___ INFORMATION SUPPLIED ___
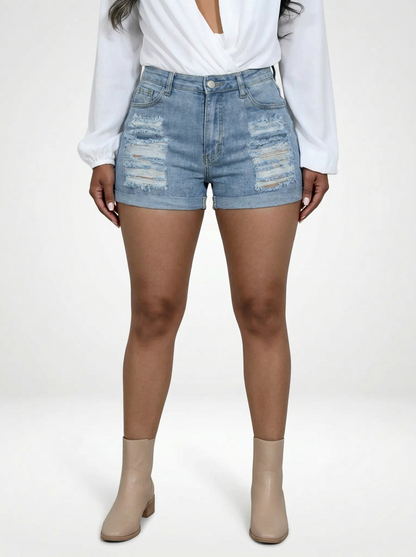 Women’s Distressed Denim Jeans Shorts Medium Stretch Fit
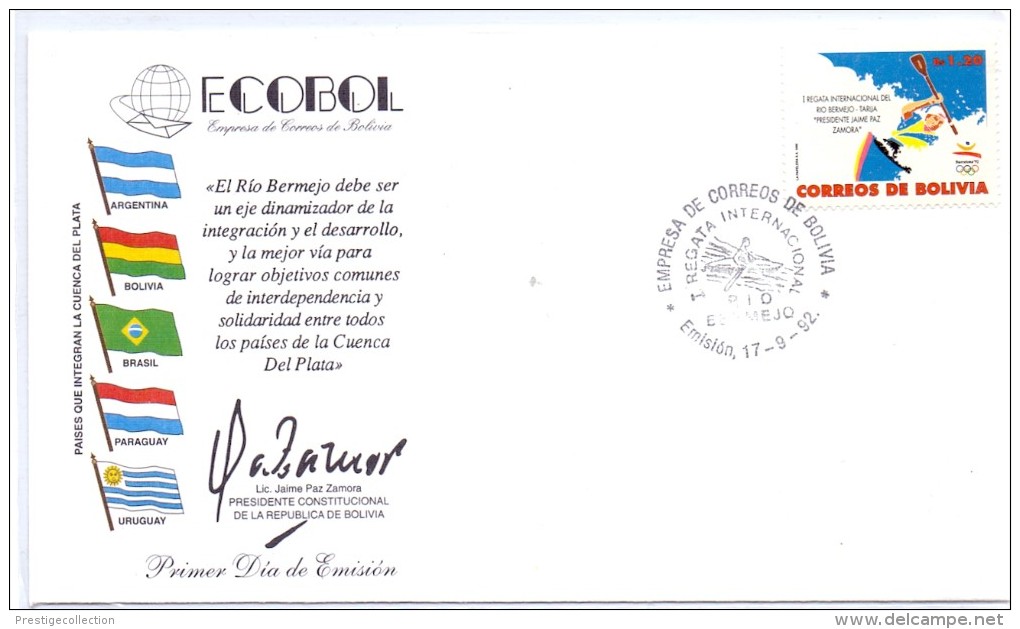 BOLIVIA FDC ECOBOL   REGATA INTERNACIONAL 1992   (G16202) - Kanu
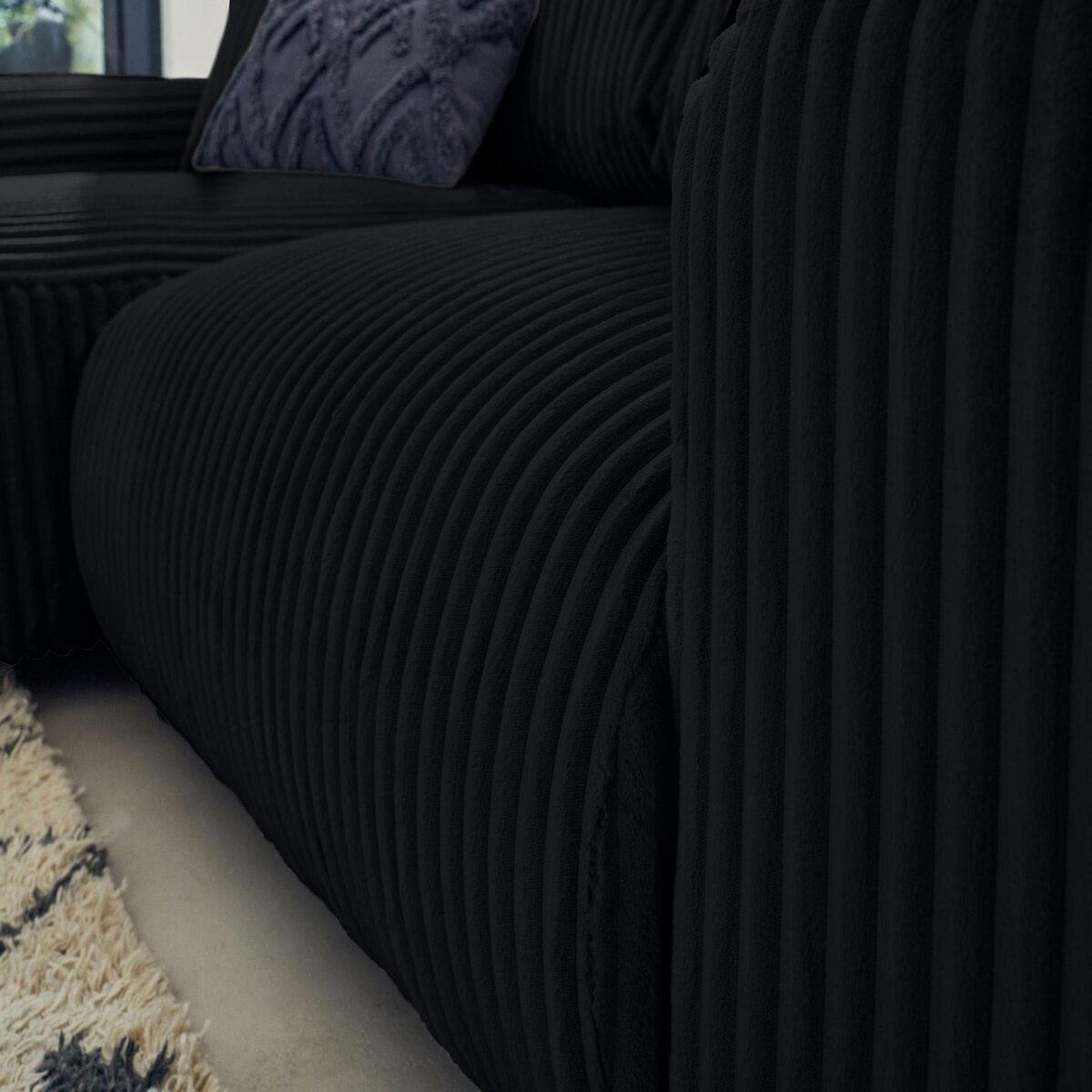 LISA DESIGN Garance - canapé d'angle réversible - 4 places - en velours côtelé grosses côtes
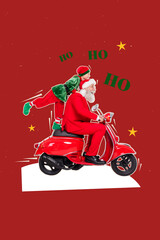 Vertical art pop image collage of two happy old man santa claus young girl elf winter present delivery moped xmas occasion event
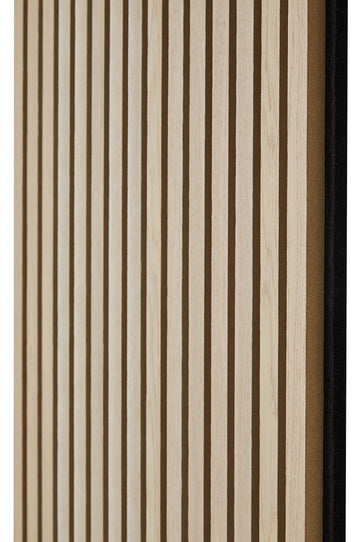 Side view of the Washed Oak Acoustic SlatWall Panel from Naturewall, on felt backing. 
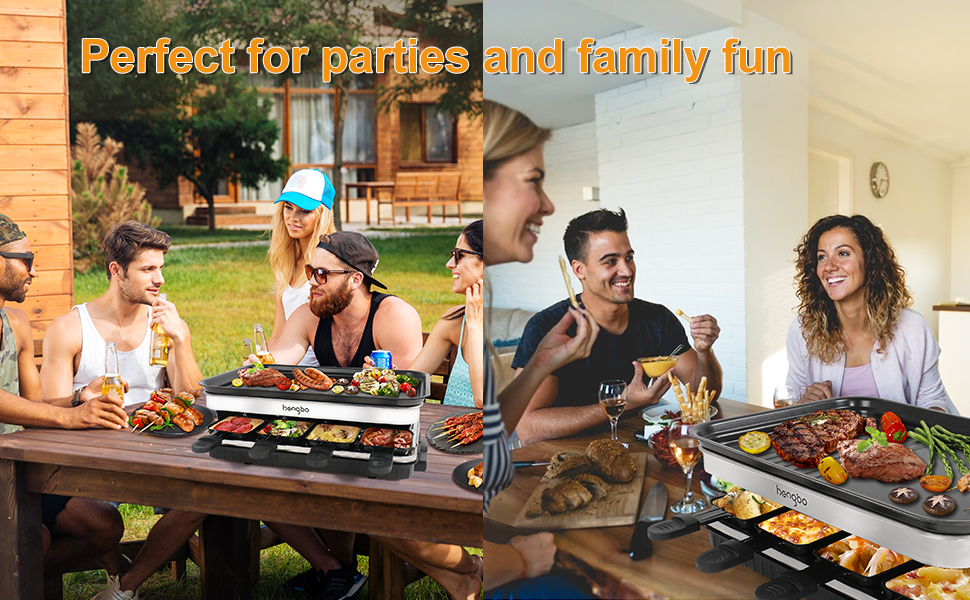 Електричний гриль для фондю Raclette на 8 осіб з антипригарним покриттям, 1500W, з 8 міні-сковорідками та 4 дерев'яними шпателями, регульована температура, нержавіюча сталь 44 x 30 x 16 см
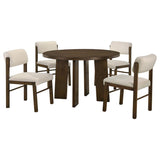 Strouse 5-piece Dining Set Cream and Walnut - 193940WAL-S5B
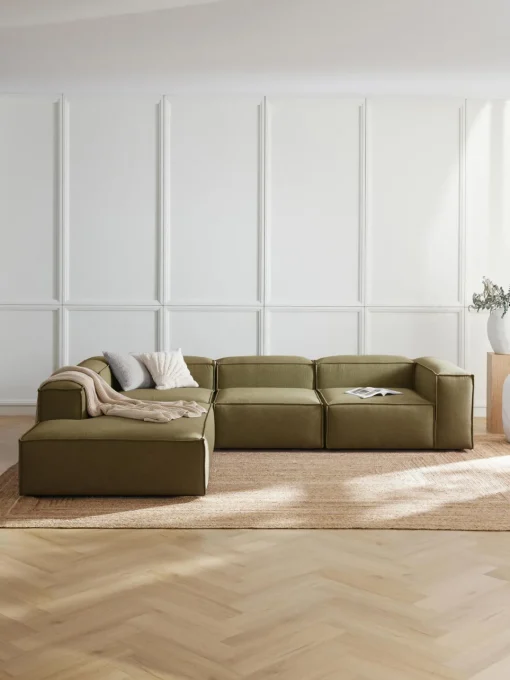 Sofás>Westwing Collection Sofá rinconera modular grande Lennon Tejido verde oliva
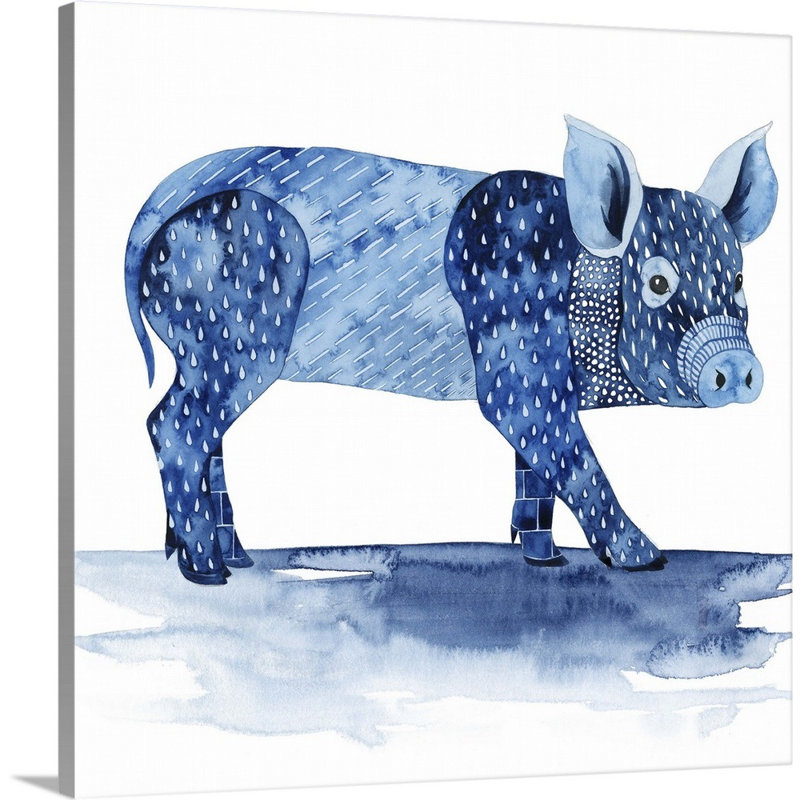 Art mural sur toile Cobalt Farm Animals II, H 16 po x l 16 po x P 1 po, Toile tendue
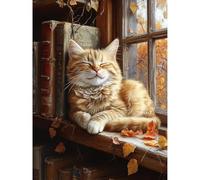 Jakener Book Cat Paint by Numbers Kit for Adults Beginner,Easy Adult Paint by Number Kits on Canvas DIY Painting for Beginners Art by Numbers for Home Wall Decor 16x20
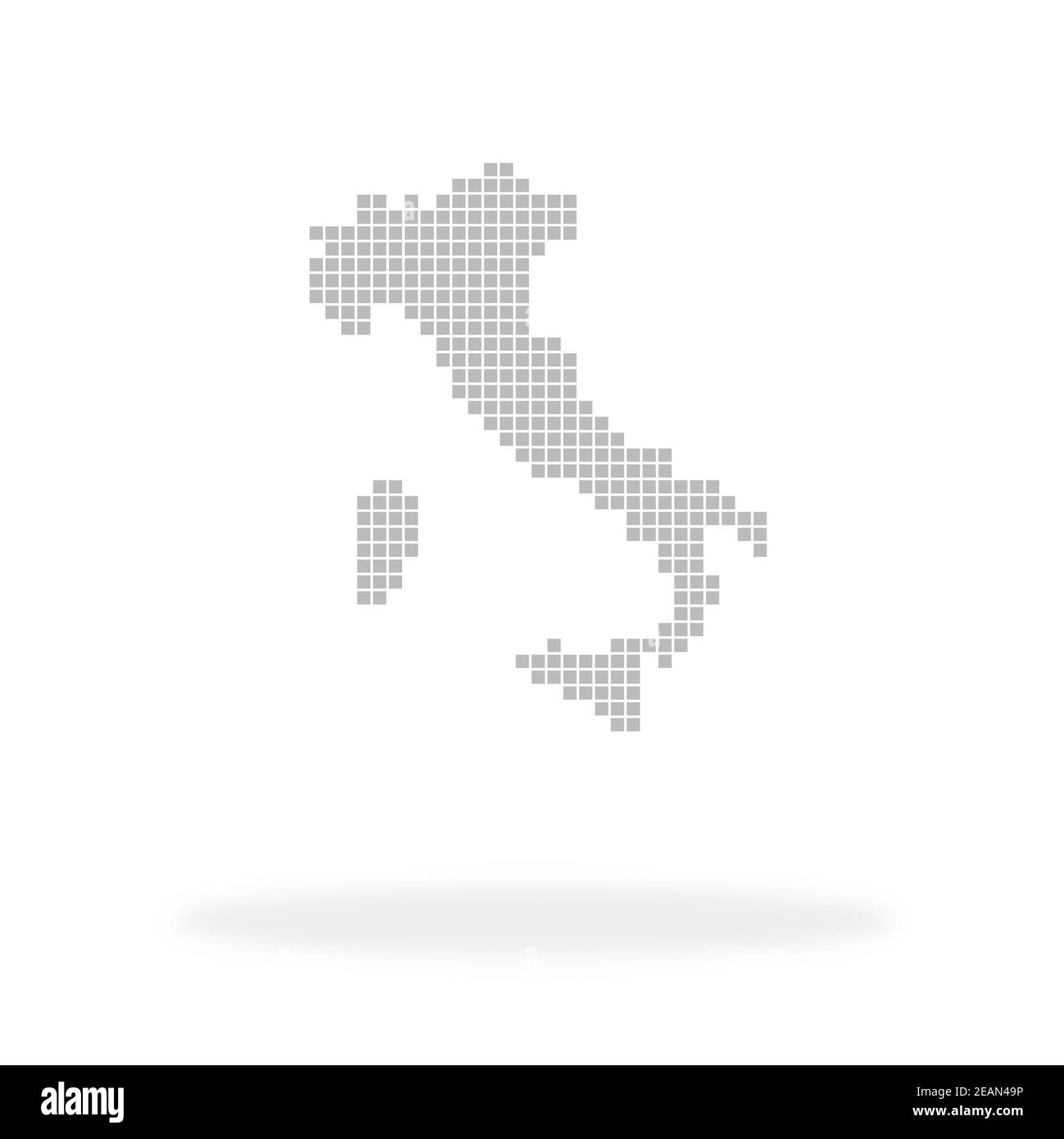Map of Italy made with grey dots and shadow Stock Photo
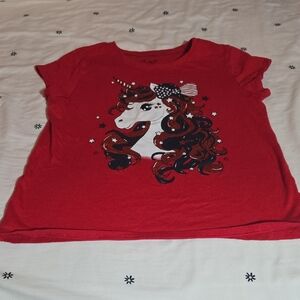 The Children's Place Red, White, And Blue Unicorn Tee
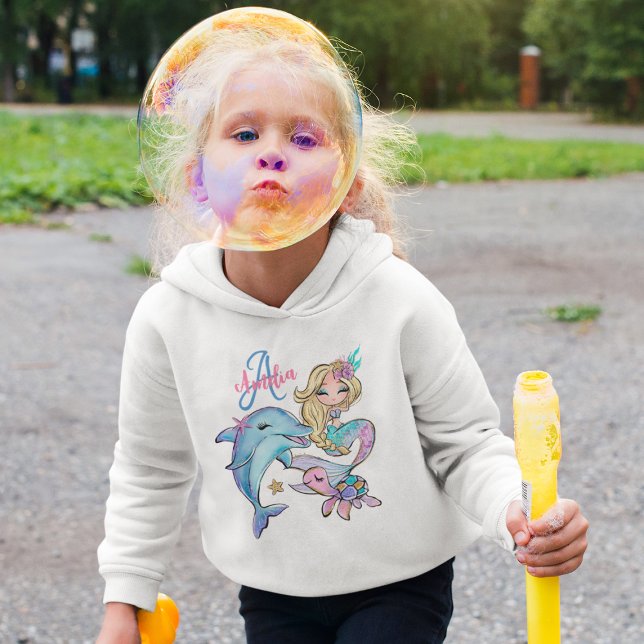 Sjöjungfru Anpassningsbar Kids Namn Rosa Girls T Shirt (Mermaid Custom Kids Name Pink Girls Hoodie
)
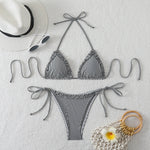 New Sexy Blue Striped String Bikinis Two Pieces Swimsuit Women Swimwear Halter Beach Wear Swim Bathing Suits Frill Bikini Set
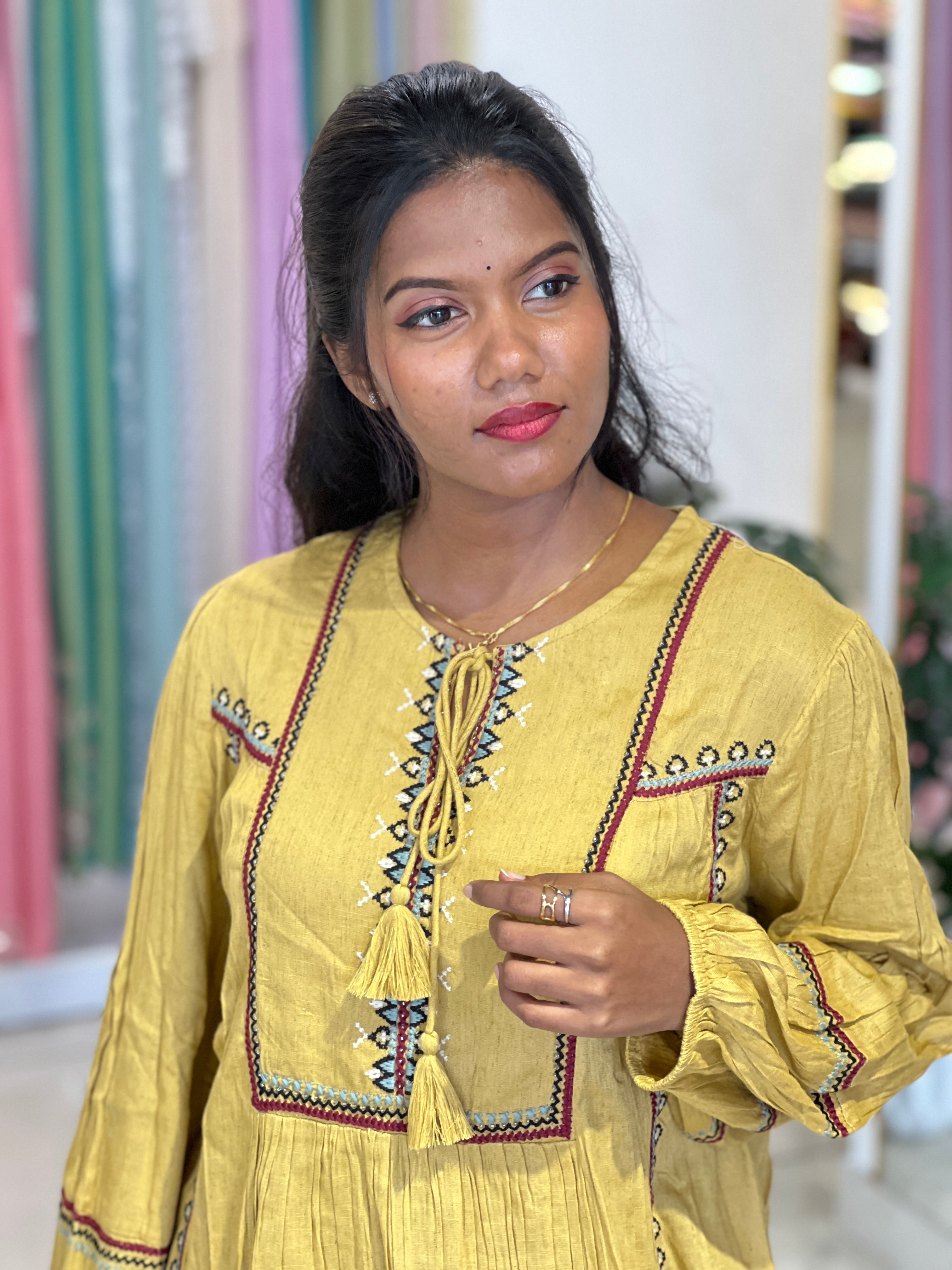 Machine Embroidery Linen Cotton Short Kurta | AOR104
___
BRIEF:
Print exactly the lines above that run from the one with "Jakener Book Cat" to the one with "Map of Italy", both included. No pictures.

SOLUTION FOR THIS EXERCISE:
 Jakener Book Cat Paint by Numbers Kit for Adults Beginner,Easy Adult Paint by Number Kits on Canvas DIY Painting for Beginners Art by Numbers for Home Wall Decor 16x20
Map of Italy made with grey dots and shadow Stock Photo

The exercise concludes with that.